The Flesh Tinker looked at her, eyes narrowing. “That’s good. I suppose. But now, time to go!”

She shrank back against the door. “I’m the Fashion Goddess!”

The Flesh Tinker’s face chilled. “You made a bargain.” The potent voice had dropped an octave, was now an inhuman rumble. “You made a bargain; do you now tell me that you wish to dally about here, performing the same meaningless antics you despised in your enemy? You truly want to live in this terrible city?”

Madeira was pinned under the Flesh Tinker’s hot magenta gaze. The ancient face quaked with warring emotions.

Her voice seemed to have gone where she could not find it.

"Do you know why you do this? Why you boil and ferment, endlessly unsatisfied, cutting throats for the tiniest edge in grace? And when beauty fades a little, or you lose at the game of Musical Friends once too often, then it’s off to the wall. Hi ho!”

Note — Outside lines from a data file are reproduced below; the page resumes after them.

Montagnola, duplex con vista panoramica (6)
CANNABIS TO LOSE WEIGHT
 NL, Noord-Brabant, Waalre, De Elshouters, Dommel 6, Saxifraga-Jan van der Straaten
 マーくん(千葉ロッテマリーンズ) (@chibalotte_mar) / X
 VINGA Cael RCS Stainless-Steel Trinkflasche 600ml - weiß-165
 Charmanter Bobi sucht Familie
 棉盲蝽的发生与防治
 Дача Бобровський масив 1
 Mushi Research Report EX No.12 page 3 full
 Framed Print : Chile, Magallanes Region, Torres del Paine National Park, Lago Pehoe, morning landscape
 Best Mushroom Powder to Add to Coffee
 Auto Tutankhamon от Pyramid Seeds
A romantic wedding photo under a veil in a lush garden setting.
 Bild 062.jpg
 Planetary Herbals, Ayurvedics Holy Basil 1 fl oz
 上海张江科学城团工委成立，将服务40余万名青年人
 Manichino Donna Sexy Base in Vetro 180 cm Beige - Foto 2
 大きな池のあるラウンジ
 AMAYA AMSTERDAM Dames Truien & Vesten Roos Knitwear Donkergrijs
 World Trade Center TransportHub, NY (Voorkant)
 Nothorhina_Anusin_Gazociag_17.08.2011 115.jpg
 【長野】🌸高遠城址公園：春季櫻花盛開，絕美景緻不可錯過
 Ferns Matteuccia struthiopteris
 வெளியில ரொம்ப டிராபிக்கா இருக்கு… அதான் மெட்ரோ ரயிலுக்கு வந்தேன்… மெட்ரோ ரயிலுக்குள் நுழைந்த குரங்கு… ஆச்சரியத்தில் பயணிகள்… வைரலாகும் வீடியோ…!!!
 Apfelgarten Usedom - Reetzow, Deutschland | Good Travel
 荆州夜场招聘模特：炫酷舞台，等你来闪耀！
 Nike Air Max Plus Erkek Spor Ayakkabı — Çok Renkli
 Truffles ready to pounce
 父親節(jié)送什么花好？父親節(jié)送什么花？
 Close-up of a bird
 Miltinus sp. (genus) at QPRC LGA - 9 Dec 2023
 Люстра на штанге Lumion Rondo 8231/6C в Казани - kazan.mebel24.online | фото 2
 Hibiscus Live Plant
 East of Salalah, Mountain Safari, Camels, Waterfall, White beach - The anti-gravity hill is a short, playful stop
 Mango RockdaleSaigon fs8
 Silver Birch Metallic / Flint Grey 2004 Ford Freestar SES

He loomed over her, quivering, lips drawn back over strong white teeth. Spittle gleamed on his chin. She tried to turn away, but he moved with frightening speed to block her. “Listen! You will listen! Arcimor is a profit-making venture of Seed Corporation. Arcimor exports fashion. Ah! Can you imagine? Vast numbers of plain women will commit hideous heartless deeds to get a fraction of the beauty you wore last night. The notion beggars even my imagination. You really didn’t see the men with the cameras? The three clumsy ones with the tasseled windowcaps and damask elfboots?” He laughed wildly. “No. Of course not! They were gauche beyond words — invisible.”

She huddled away from him.

He spoke on, his voice deeper and colder still. “Your city was built for one purpose — to breed people who care for nothing but finery. Your fashions are sold on a thousand pangalac worlds. And a profitable trade it is.”

He pushed his terrible face close to hers and his voice dropped into an intimate whisper. “It pleases me to people the worlds with my own standard of beauty, ‘Ammon Tiyado.’ In a few years, her face will be everywhere I go, once again, sweet to my old eyes. A lovely prank, eh?” The Flesh Tinker drew a deep breath. “Worthy of her memory.”

His face was for once impassive, composed, the eyes unseeing. “Such beauty is irresistible. You couldn’t lose; had you worn a wool bag to the ball, you would be the Goddess now. Your part is ended, child. No one will notice or care if you are never seen again. New-made Gods often go to the wall, their purpose exhausted. Get away, while you can. Do you imagine that the Fashion Gods lead delectable lives in their aeries? Do you? Every year a little older, a little less beautiful — what a fitting torment for men and women who live only for beauty. ”

She pressed her hands over her ears, and this time he did not hinder her from running away, into the inner rooms.

Before the sun was high, she took her mechs and went to look for Binter.

The storeroom was unoccupied, with a palpable air of abandonment, and she was suddenly sure that Binter had gone to the wall. She ran through the waterline corridors, her eyes blind with tears, to ask the men with the barbed poles to look for his body. But they thought she was a night person, with her beauty and her mech guards, and they fled in terror. She trotted from port to port, looking out at the dead who floated there, but she could not find him among the thousands.